I agree with Milton that after the fall, good and evil are so bound up that we often can’t know the good unless we contrast it with evil. I encourage my students to read Shakespeare’s Macbeth, which famously opens with witches chanting over a cauldron. I think Christians should live in the world, not stick their heads in the sand and hope for the best. But Milton and Shakespeare, cultural heirs of the Reformation, built their writing on a sense of good and evil as defined by God’s Word in the world God created. Macbeth follows the tragic arc of Saul, and his fooling with witchcraft marks the deterioration of his soul. These are imaginative worlds I recognize, because they cohere with the world as God made it. With HP, this Judeo-Christian base has been swept away and replaced with the kind of anarchic, soul-menacing spirituality the church has seen before, in times of great trouble. We’ve been warned to expect its widespread reappearance in the last days.

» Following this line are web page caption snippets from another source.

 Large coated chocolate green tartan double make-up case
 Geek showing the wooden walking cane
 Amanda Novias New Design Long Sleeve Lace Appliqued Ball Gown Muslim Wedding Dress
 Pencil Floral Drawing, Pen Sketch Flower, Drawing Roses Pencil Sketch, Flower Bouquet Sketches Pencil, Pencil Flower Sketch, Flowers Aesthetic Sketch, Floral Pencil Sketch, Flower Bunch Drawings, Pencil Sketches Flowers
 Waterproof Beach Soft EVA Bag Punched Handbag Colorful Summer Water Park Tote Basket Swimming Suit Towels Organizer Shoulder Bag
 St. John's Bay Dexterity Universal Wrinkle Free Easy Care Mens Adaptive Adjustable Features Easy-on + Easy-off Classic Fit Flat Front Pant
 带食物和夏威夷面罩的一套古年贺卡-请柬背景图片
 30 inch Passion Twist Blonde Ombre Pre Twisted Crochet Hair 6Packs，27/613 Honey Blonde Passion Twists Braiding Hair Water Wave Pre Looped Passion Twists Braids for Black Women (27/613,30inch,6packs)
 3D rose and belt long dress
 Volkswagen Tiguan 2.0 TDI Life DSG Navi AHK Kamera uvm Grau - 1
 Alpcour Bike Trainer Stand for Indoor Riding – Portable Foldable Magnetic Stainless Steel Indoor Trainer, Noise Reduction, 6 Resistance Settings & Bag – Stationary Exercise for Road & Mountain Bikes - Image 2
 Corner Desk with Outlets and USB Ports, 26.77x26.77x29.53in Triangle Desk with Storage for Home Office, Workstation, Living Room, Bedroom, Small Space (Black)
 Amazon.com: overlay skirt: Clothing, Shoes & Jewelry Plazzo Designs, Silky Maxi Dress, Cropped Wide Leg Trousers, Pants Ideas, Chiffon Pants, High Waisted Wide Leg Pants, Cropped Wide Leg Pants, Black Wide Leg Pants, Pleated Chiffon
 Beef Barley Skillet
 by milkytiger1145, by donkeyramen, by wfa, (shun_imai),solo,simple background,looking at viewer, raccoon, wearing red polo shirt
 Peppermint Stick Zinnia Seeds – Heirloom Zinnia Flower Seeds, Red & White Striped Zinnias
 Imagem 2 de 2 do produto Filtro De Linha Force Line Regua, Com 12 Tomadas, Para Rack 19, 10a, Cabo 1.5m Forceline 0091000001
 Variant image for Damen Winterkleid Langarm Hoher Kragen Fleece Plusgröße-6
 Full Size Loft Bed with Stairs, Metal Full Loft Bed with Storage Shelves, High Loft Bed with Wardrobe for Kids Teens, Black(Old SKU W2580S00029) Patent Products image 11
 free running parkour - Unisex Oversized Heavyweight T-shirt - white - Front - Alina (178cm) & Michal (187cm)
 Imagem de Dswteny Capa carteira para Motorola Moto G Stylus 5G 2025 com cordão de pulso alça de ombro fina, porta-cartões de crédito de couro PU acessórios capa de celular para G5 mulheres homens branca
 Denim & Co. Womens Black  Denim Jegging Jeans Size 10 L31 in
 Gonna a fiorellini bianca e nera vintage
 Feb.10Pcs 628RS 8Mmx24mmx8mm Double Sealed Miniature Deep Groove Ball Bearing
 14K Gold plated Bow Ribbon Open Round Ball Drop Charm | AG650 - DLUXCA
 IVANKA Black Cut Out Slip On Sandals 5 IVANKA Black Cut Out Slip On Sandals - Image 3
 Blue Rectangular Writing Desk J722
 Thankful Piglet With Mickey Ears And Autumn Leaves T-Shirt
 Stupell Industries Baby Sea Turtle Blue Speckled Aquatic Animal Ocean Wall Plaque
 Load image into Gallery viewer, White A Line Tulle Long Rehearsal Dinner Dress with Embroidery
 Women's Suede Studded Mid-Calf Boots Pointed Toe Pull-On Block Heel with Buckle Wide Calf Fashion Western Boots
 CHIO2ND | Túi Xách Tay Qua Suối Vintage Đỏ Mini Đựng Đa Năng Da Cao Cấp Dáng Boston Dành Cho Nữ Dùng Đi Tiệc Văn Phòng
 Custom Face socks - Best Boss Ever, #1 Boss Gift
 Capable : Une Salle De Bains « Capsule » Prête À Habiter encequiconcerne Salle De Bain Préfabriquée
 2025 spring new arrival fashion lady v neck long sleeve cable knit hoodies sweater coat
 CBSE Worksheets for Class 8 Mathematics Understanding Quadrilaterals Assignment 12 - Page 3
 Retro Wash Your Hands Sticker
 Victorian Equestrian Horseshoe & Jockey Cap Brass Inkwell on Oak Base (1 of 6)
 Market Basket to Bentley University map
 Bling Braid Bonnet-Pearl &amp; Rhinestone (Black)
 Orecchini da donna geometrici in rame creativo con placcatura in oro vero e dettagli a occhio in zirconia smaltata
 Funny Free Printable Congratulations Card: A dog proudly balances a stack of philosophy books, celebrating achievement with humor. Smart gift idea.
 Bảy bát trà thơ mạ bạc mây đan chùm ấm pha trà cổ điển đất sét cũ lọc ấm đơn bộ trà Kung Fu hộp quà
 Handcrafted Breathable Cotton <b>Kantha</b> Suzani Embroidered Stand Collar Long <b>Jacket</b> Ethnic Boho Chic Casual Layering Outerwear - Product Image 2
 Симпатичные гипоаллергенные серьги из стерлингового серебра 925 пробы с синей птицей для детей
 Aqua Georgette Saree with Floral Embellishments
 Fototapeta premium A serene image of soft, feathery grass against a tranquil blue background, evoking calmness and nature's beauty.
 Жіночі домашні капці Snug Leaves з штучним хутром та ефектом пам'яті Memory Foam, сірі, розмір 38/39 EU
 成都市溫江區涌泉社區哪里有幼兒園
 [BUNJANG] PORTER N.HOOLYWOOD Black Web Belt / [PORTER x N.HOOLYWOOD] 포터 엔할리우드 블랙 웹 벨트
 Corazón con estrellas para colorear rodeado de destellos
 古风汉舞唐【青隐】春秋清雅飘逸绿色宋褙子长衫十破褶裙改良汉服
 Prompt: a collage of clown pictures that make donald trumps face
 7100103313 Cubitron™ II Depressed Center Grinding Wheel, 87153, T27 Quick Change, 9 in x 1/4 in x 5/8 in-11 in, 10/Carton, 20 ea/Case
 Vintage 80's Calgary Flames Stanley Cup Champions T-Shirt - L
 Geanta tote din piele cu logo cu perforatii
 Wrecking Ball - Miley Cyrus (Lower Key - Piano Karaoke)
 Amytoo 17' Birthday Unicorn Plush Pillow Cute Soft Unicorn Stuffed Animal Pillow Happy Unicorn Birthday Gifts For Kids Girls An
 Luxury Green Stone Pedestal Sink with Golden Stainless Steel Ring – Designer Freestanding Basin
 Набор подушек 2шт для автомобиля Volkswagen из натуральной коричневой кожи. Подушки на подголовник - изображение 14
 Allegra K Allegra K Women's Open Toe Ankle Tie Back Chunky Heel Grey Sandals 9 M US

Milton was against the Puritan attempt to ban harmful books; so am I. Book-banning just inflames a crazy desire to read the forbidden books. What we need instead across the church is a revival of spiritual maturity to test the spirits (I John 4:1); abhor what is evil, cling to what is good (Rom. 12:9); and recognize that not all things are profitable (I Cor. 10:23). Augustine in Confessions warns against giving our minds to excessive curiosity, the “lust of the eyes.” C. S. Lewis writes that one of the two dangerous errors about devils is “to believe, and to feel an excessive and unhealthy interest in them.” Though we ought not to be ignorant of the devil’s schemes, an inordinate fascination with his dark world is spiritually poisonous to our walk with Christ. So Paul urges the church in pagan Rome to be “wise in what is good, and innocent in what is evil” (Rom. 16:19). It will take uncommon discernment for Christians living in neopagan America, which  like Macbeth has “supped full with horrors,” to put into practice what he means. And in a day when the church has largely made its peace with the gathering storm of occult spirituality, it will also take great courage.